12B.2 Stability and Instability in Individual Beliefs about Climate Change

Thursday, 10 January 2019: 8:45 AM
North 122BC (Phoenix Convention Center - West and North Buildings)
Hank Jenkins-Smith, Univ. of Oklahoma, Norman, OK; and J. T. Ripberger, C. Silva, and W. W. Wehde

A great deal of research has been conducted in recent decades to describe and explain the public’s views of climate change, especially in the USA. A crucial theme of the accumulated body of work is that climate change attitudes and beliefs are increasingly linked to stable cognitive characteristics such as values, worldviews and ideologies, making it difficult to change them via information campaigns and other messaging efforts. At the same time, long-term trend studies show a fair degree of variation in aggregate public opinion over time, a clear indication that some members of the public do change their views. These trends have prompted investigation of the impact of changing economic conditions and elite cues related to increasing political polarization over climate change, as well as perceived and experienced changes in climatological phenomena such as temperature, precipitation and extreme weather events. Unfortunately, the studies reporting trend data employ different (representative) samples over time are unable to document and analyze change at the individual level. In fact, even periods of relative stability in aggregate-level views can mask substantial change within sectors of the public, such as the growing divergence in views of climate change among Republicans and Democrats.
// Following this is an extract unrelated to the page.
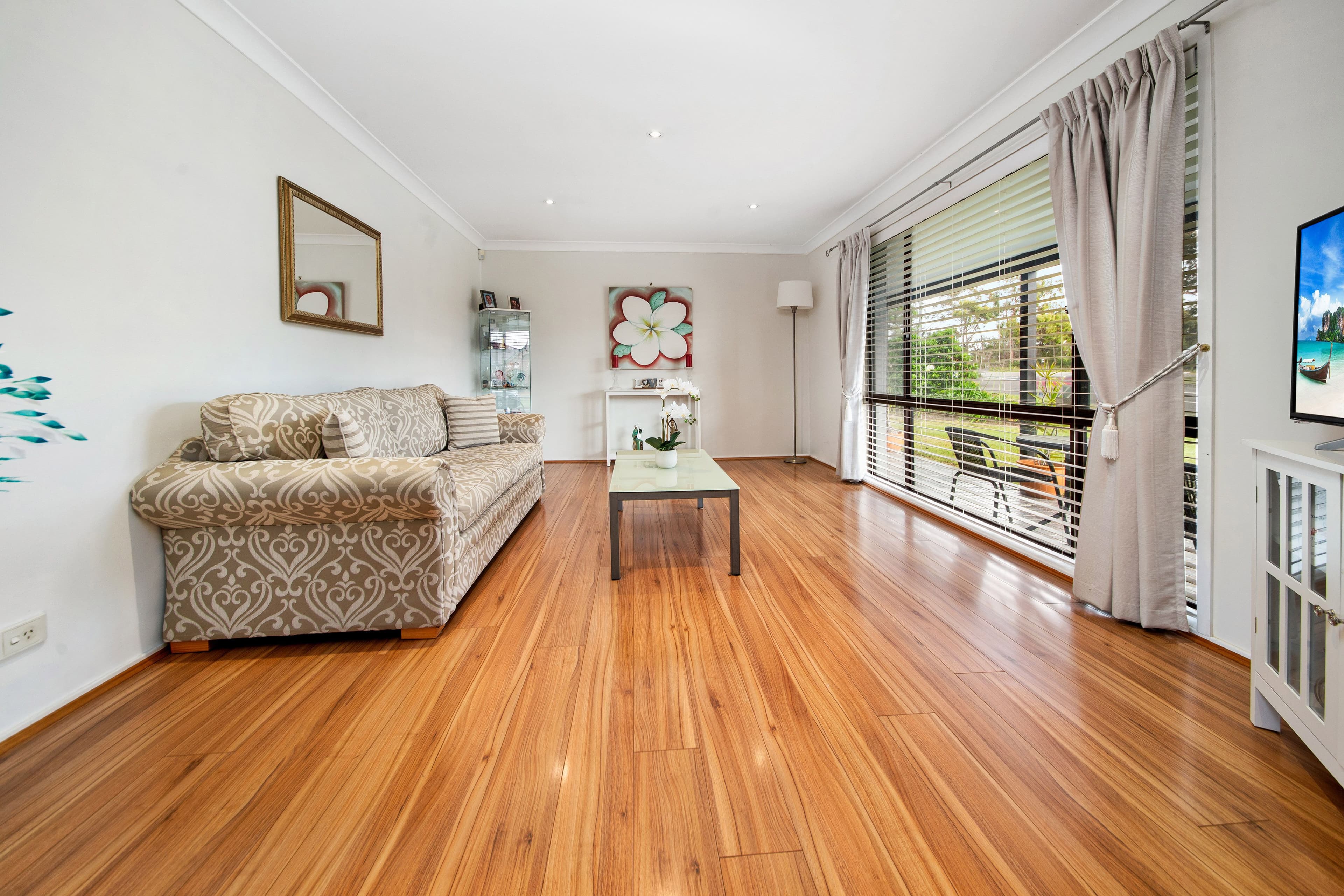 72 Australia Road, Barden Ridge NSW 2234, Barden Ridge - Thumbnail 2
This project addresses these ambiguities in the current body of knowledge about American’s views of climate change by employing a unique set of panel data that tracks individuals’ climate change beliefs on a quarterly basis for a four year period to answer two questions: (1) How frequently do individuals change their beliefs about anthropogenic climate change? (2) Are some groups of individuals more likely than others to change their beliefs about anthropogenic climate change?